The Year Five children have been taking part in the pilot of the Mini Police scheme since January, and this week marks the end of the 20-week curriculum.
Mini Police sessions, which took place each week as part of the Personal, Social, Health and Economic (PSHE) education, are designed to introduce children to a positive experience of policing, get them involved in the local community and also offer age appropriate safety awareness.
During their visit to headquarters on Tuesday (27 June) the children got to visit the dog unit, and see Reggie, a general-purpose police search dog, in action and a demonstration of the force drone – and have a class photo from the sky!
They had the opportunity to sit on a police motorbike and see and hear the sirens, and have a look inside a Tactical Support Team police van, as well as a Search and Rescue boat.

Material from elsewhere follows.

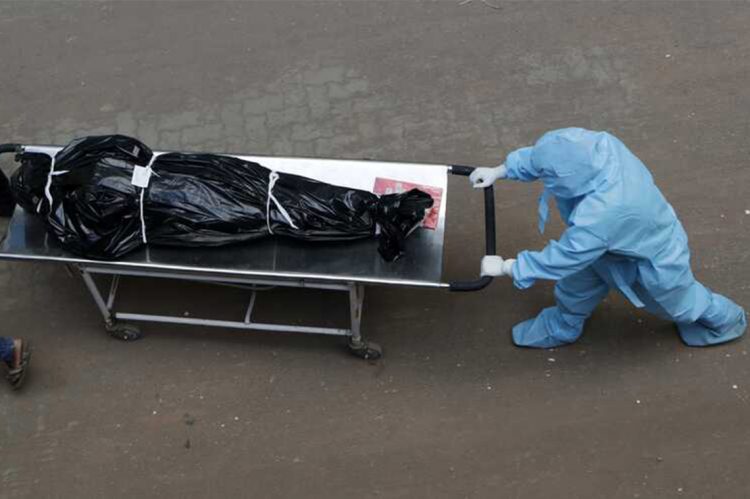 Hospital staff carry the body of a person who died of COVID-19 to a morgue in Mumbai, India, Friday, May 29, 2020. Most of the over 150,000 cases are concentrated in five of India’s 28 states, though an increase in cases has also been reported in some eastern states as migrant workers have begun arriving home from big cities on special trains. (AP Photo/Rajanish Kakade)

All the children got certificates for taking part in the project, and two from each school won Mini Police Officer of the year, a recognition of their engagement with the project over the last 20-weeks.
Parth, 10, from Bridge Junior School said: “I’ve loved taking part in the Mini Police programme. I’ve loved the projects we’ve taken part in, including the collection we did for Action Homeless and helping others.
“I would recommend it to everyone – those who get the chance to take part, should.
“Visiting the dogs has been my favourite visit at the station, I’ve loved it.”
Sgt Marina Waka, Parth, Chief Supt Adam Slonecki
One of the community projects the school have been involved in this year is a collection of toiletries for Action Homeless, a homeless charity based in the city. The children raised awareness in the school community about their project, and asked for donations each day.
Elle Warren is the head of Year Five at Bridge Junior, and said: “What we’ve seen from the children throughout the Mini Police programme has been remarkable, with an improvement in their behaviour and attitude; they’ve been very engaged with the programme and took their oath and Mini Police values very seriously.
“It’s given them the opportunity to do things they’d never have had the chance to do without Mini Police and I know they haven’t taken it for granted.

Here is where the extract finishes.